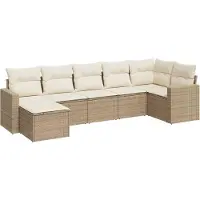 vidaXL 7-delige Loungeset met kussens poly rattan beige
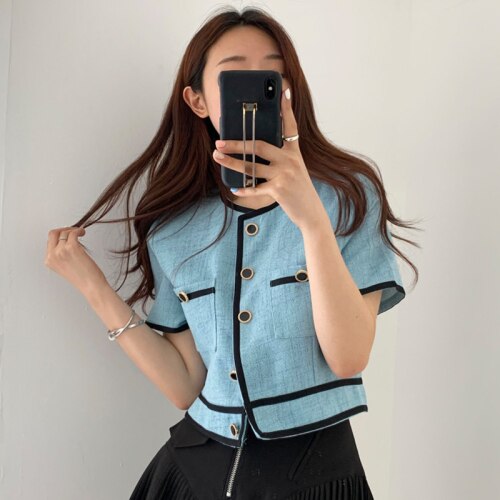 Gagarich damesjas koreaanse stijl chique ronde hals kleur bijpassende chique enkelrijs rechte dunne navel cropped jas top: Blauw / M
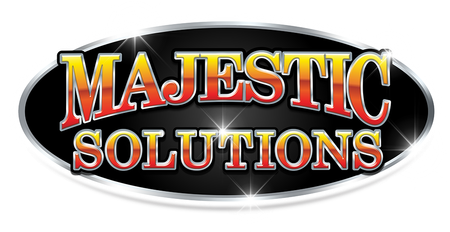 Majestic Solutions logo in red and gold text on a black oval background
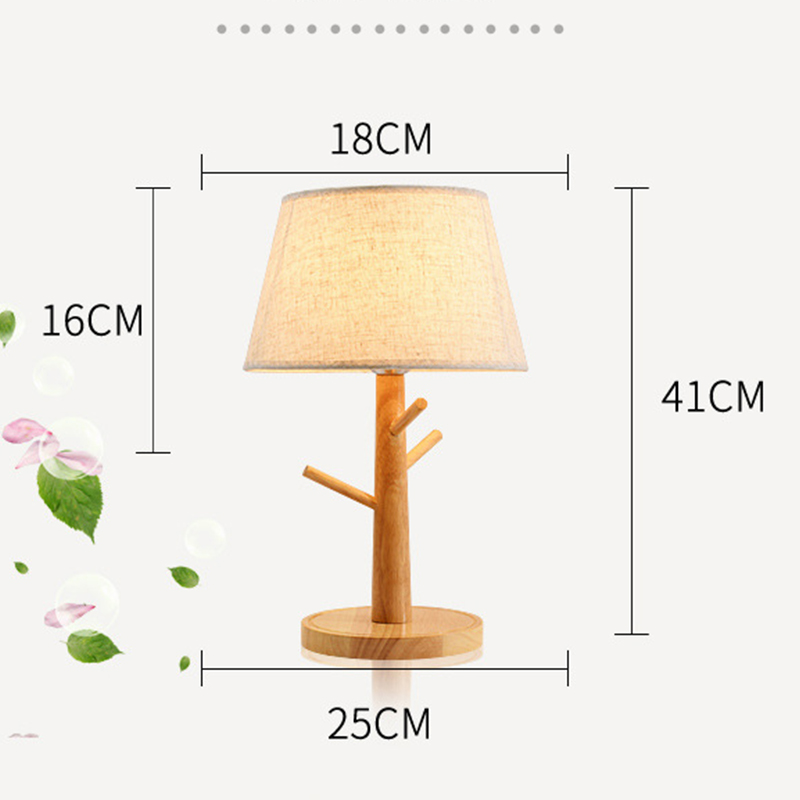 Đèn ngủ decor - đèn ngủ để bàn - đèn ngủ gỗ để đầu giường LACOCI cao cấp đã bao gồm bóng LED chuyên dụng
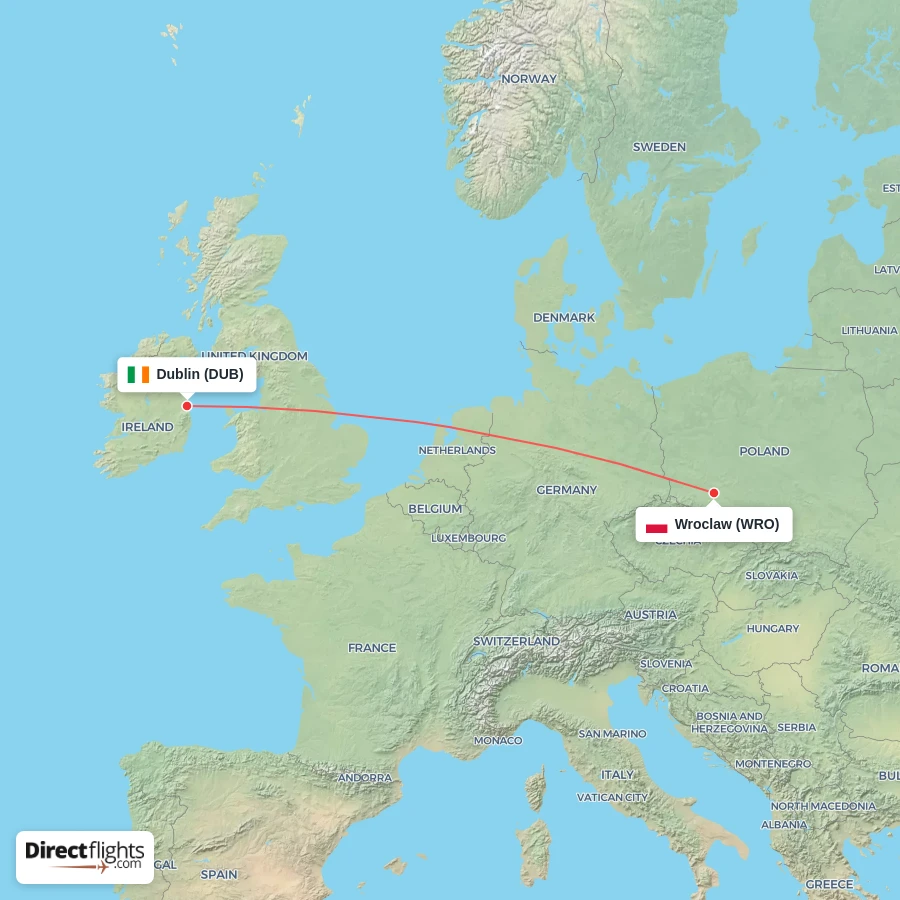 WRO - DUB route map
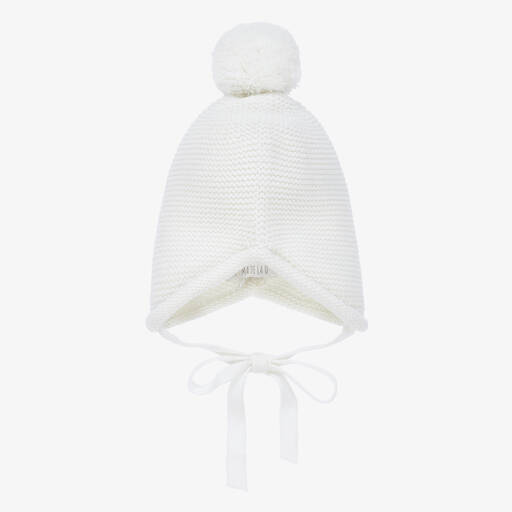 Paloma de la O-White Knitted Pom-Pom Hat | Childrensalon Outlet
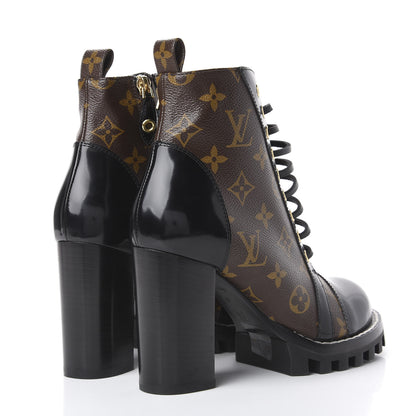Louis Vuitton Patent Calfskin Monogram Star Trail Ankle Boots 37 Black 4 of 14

**ABOUT THIS EXERCISE:**
Your answer should consist solely of the lines from the line with "Paloma de la" to the final line of the listing, set down word for word, pictures omitted.

**RESPONSE AREA:**
 Paloma de la O-White Knitted Pom-Pom Hat | Childrensalon Outlet
Louis Vuitton Patent Calfskin Monogram Star Trail Ankle Boots 37 Black 4 of 14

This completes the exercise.